Für Liborio Ciccarello (Linke) stand am Montag außer Frage, dass nur noch ein Schuldenschnitt durch Land oder Bund helfen kann: "Wir können nicht aus eigener Kraft aus den Schulden." Unter anderem die SPD schlug vor, rechtliche Schritte zu prüfen, inwiefern zum Beispiel Land oder Bund jetzt zur Rückzahlung von vorher erhaltenen Umlagen verpflichtet seien.
Am 6. November will der Stadtrat über den zweiten Nachtragshaushalt abstimmen.
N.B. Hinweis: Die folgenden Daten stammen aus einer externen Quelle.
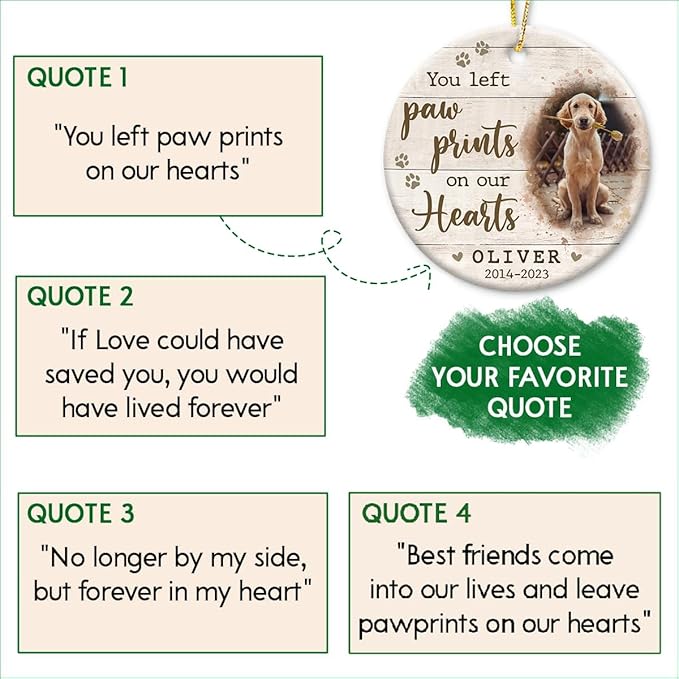 Dog Memorial Gifts, Personalized Pet Bereavement Ornament, Ceramic Christmas Decoration, Memorial Day Memorial Ornament, Dog Lover Gifts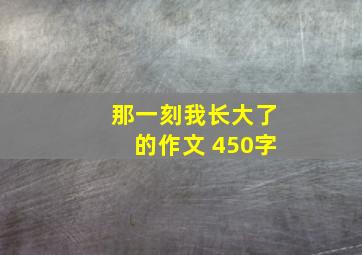 那一刻我长大了的作文 450字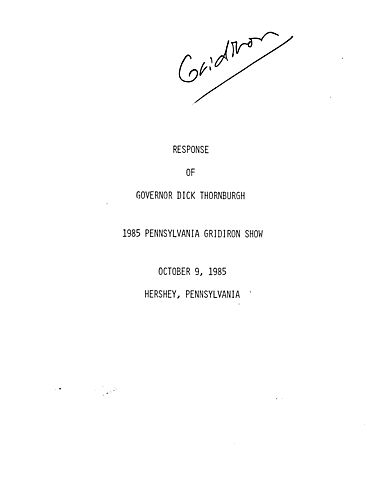 Annual Gridiron Show and Dinner, Pennsylvania Legislative Correspondence Association, Harrisburg, PA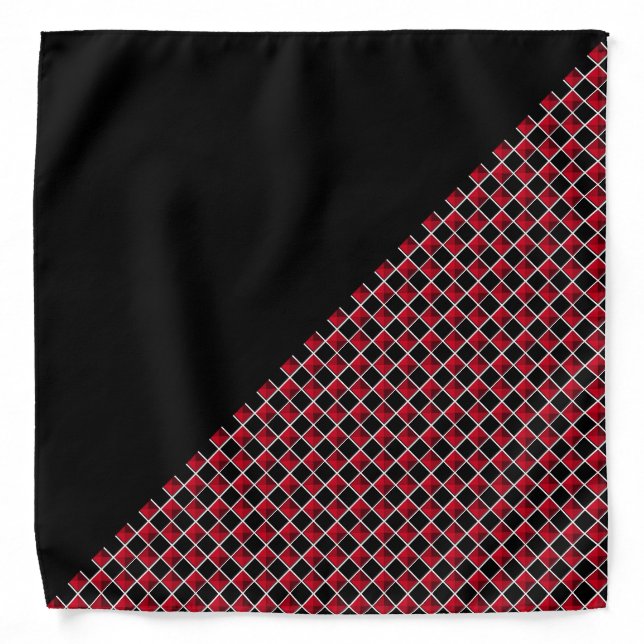 Black and red diamond pattern & half solid black bandana (Front)
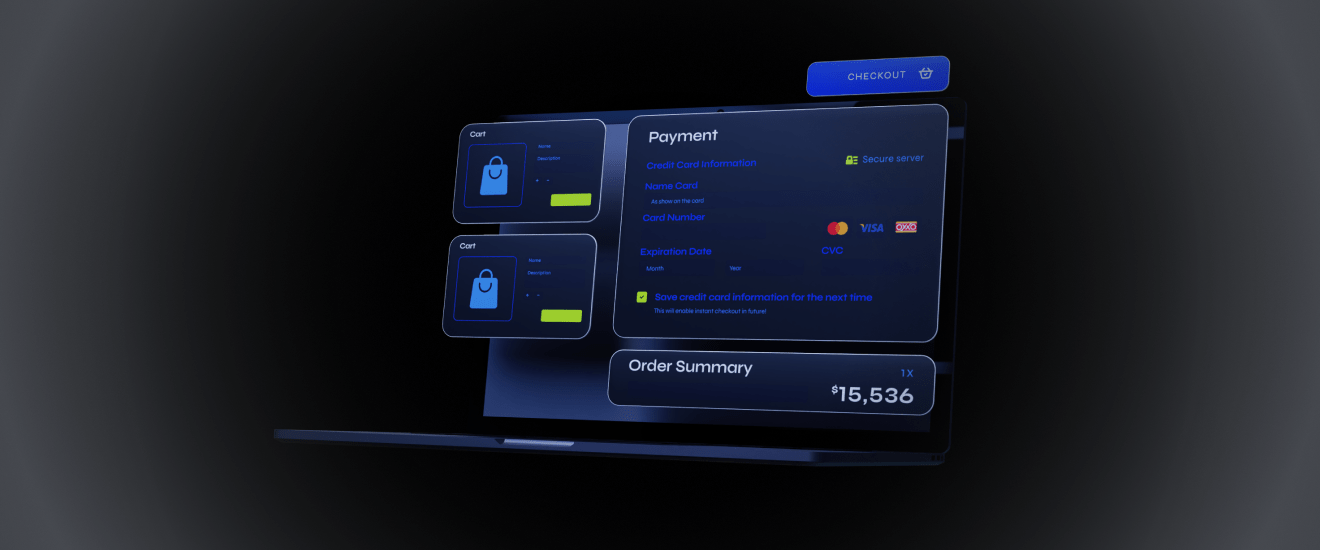 An illustration of the laptop indicating a purchase on a digital marketplace.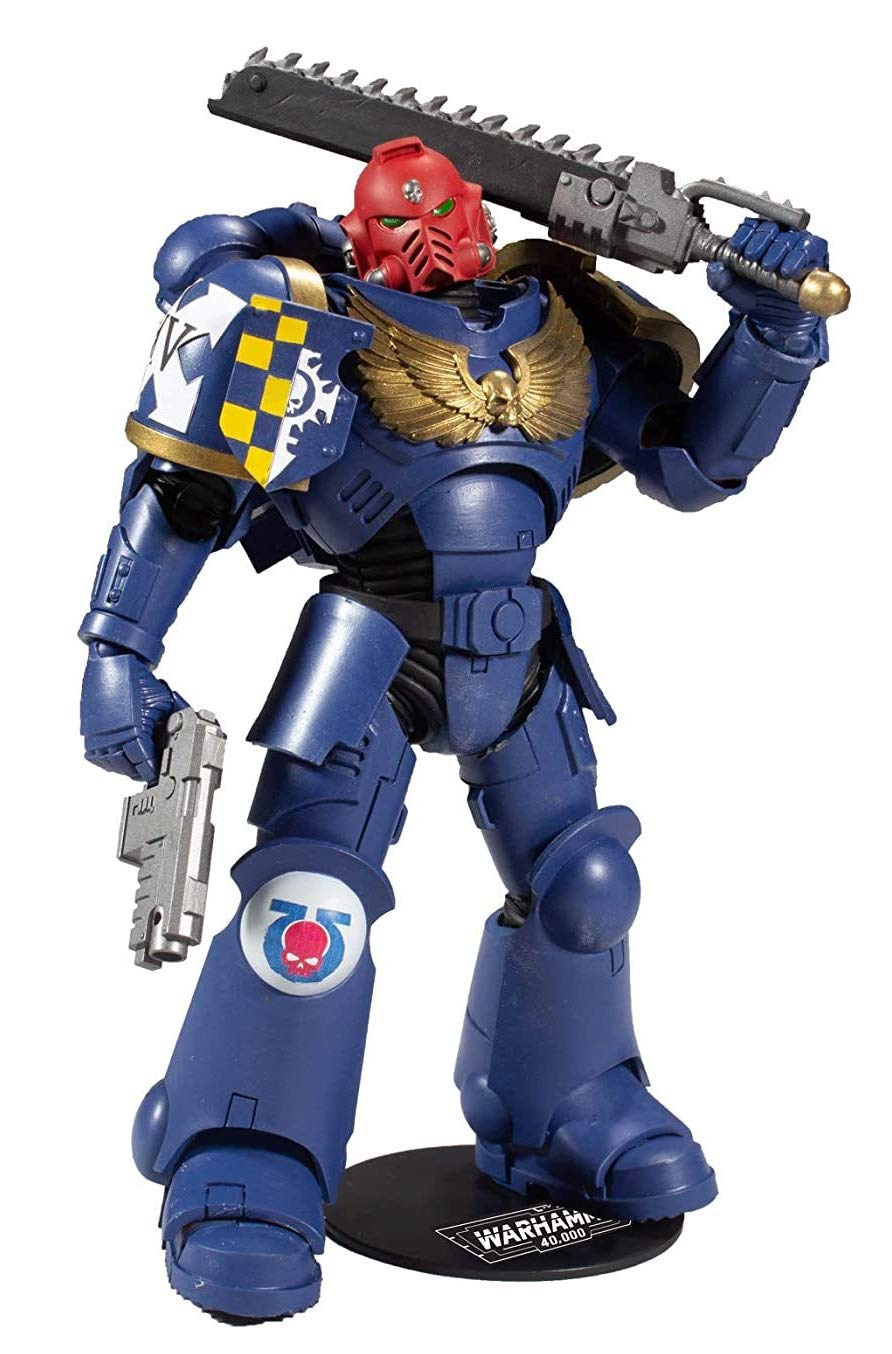 McFarlane Toys, Warhammer 40000 Ultramarines Primaris Assault Intercessor Action Figure with 22 Moving Parts, Collectible Warhammer Figure with collectors stand base – Ages 12+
Jahresdefizit bei mehr als 200 Millionen Euro
Der Stadt Ludwigshafen fehlen für dieses Jahr weitere 126 Millionen Euro. Das Jahresdefizit steigt damit für 2023 auf mehr als 200 Millionen Euro. Grund ist nach Aussage von Kämmerer Schwarz, dass der Stadt massiv Einnahmen wegbrechen. Die Stadt hatte im vergangenen Jahr für ihren Haushalt mit 150 Millionen Euro Gewerbesteuereinnahmen kalkuliert. Diese Steuer wird im Voraus bezahlt und Unternehmen können ihre Prognosen korrigieren und vorausgezahltes Geld zurückfordern. In diesem Fall kommt aber noch hinzu, dass einzelne Unternehmen Gewerbesteuer aus länger zurückliegenden Jahren zurückfordern. Die ältesten Forderungen stammen aus dem Jahr 2001.
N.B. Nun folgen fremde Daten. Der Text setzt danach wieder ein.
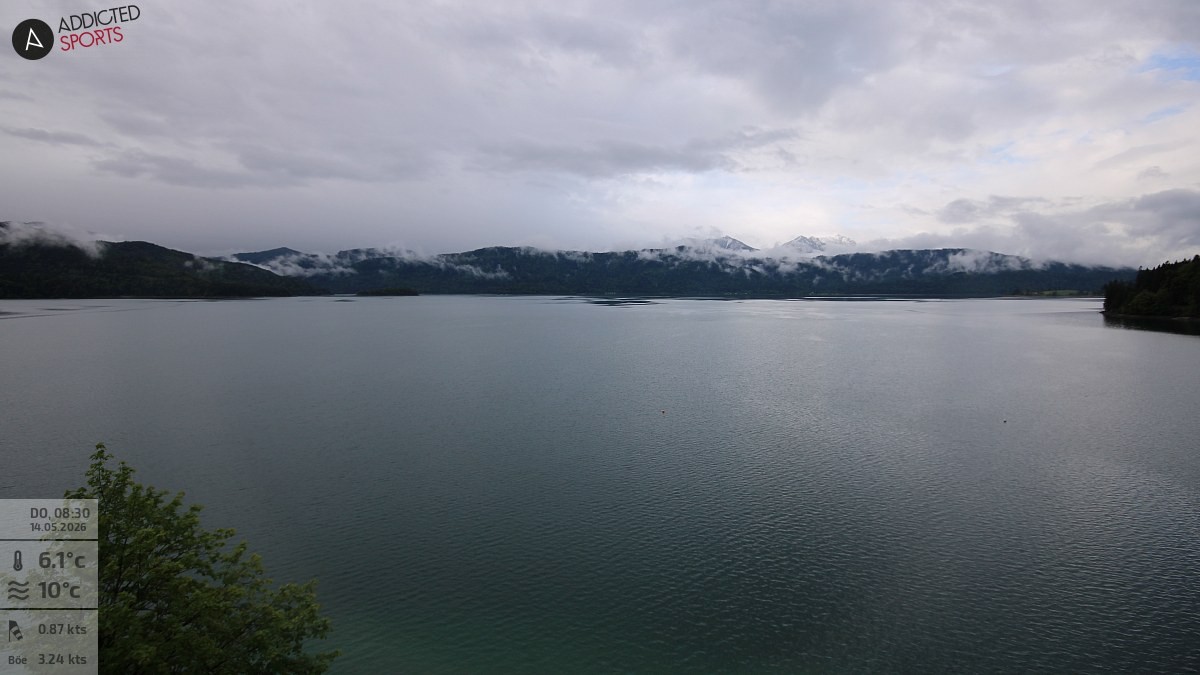 Archiv Foto Webcam Hotel Karwendelblick: Ausblick zum Walchensee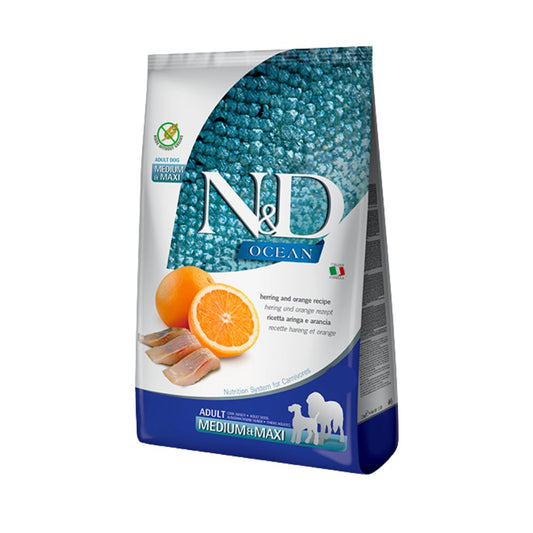 Farmina N&D Ocean Aringa Arancia 12Kg Crocchette Cani Medium Maxi Adult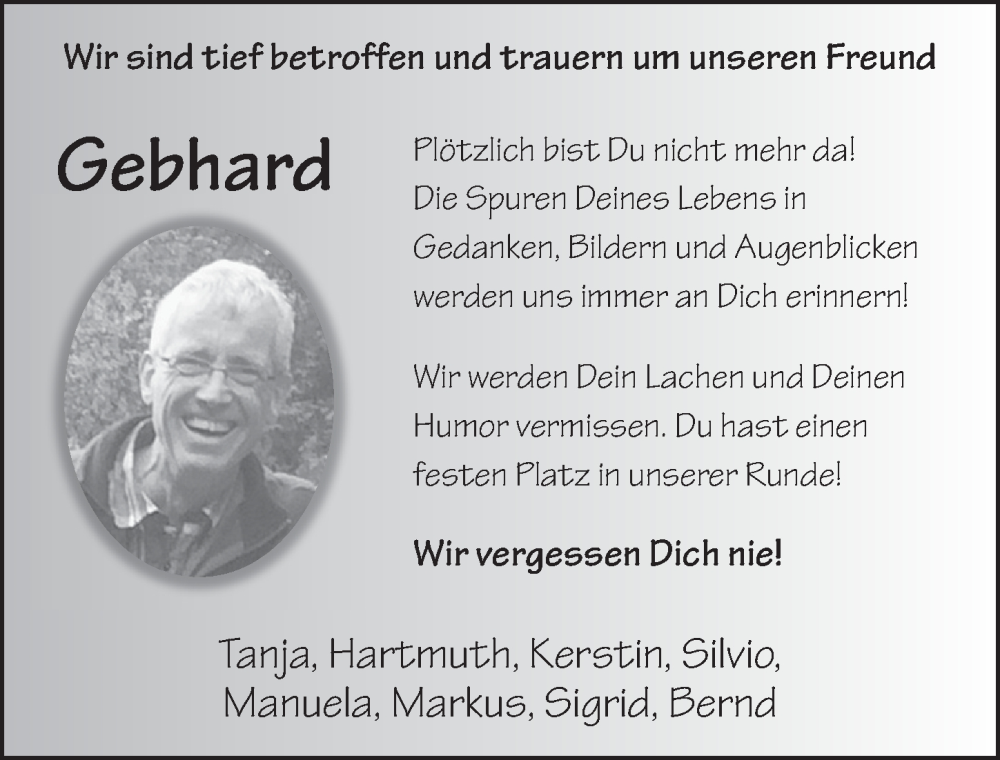  Traueranzeige für Gebhard Aumann vom 23.09.2022 aus FZ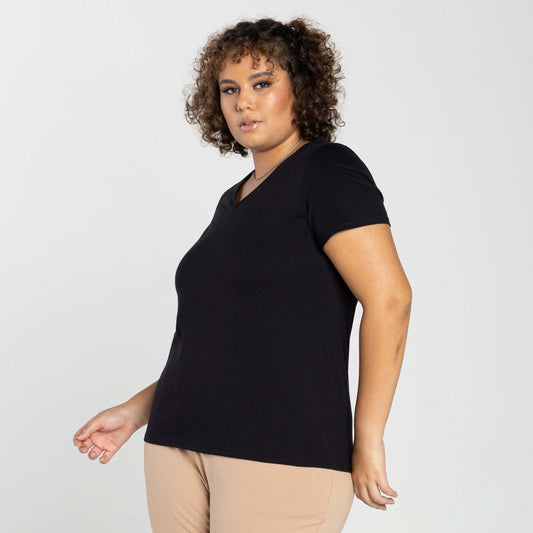Tech T-Shirt Anti Odor Slim Gola V Plus Feminina - Preto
Unternehmen fordern Gewerbesteuer zurück plus Zinsen
Wie Andreas Schwarz und sein Fachbereichsleiter Finanzen in einem Pressegespräch erläuterten, haben Unternehmen gegen die Gewerbesteuerzahlungen auch geklagt. Das habe sich hingezogen. Jetzt liegen laut Schwarz Entscheidungen vom Bundesfinanzhof vor. Ludwigshafen muss zahlen. "Ich war davon auch überrascht", sagte Schwarz. "Solche Auswirkungen von Sondereffekten hat es meines Wissens noch nie gegeben." Dass die Forderungen so hoch sind, dass Ludwigshafens Verschuldung um 201 Millionen anwachsen, habe er eine Woche nach dem Beschluss zum letzten Nachtragshaushalt Mitte September erfahren. Das läge auch daran, dass auf die Rückforderungen Zinsen gezahlt werden müssen. Da sei einiges zusammengekommen. Der Stadt bleiben nach den Rückzahlungen noch Einnahmen von 12 Millionen Euro. "Das sind die Einnahmen einer Kleinstadt", so Schwarz.
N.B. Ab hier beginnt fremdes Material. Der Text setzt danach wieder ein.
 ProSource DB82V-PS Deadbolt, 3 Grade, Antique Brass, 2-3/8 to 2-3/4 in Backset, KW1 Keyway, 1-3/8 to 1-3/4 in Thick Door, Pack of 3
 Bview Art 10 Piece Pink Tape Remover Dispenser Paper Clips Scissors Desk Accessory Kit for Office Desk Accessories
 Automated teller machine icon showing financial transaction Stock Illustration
Ursprünglich "nur" 30 Millionen Euro Minus
Der aktuelle Nachtragshaushalt ist schon der zweite in diesem Jahr. Ursprünglich rechnete die Stadt mit einem Minus von nur knapp 30 Millionen Euro. Schon der erste Entwurf führte zu Diskussionen mit der zuständigen Aufsichtsbehörde. Im September wurde das Defizit zunächst auf 76 Millionen Euro beziffert.
Trotz Entschuldungsfonds bleiben 1,2 Milliarden Euro Schulden
Die Gesamtverschuldung der Stadt würde jetzt eigentlich von 1,5 Milliarden Euro auf insgesamt rund 1,7 Milliarden anwachsen. Wenn aber nach wie vor der Entschuldungsfonds des Landes greift, übernimmt das Land rund 500 Millionen Euro an Altschulden. Dann blieben an der Stadt Ludwigshafen allerdings immer noch 1,2 Milliarden Euro Gesamtschulden hängen. Die neuen Schulden von 201 Millionen Euro würden alleine dieses Jahr belasten. Die laufenden Investitionen sollen dadurch nicht berührt werden. Für das kommende Haushaltsjahr hofft Schwarz darauf, wieder einen halbwegs ausgeglichenen Haushalt präsentieren zu können.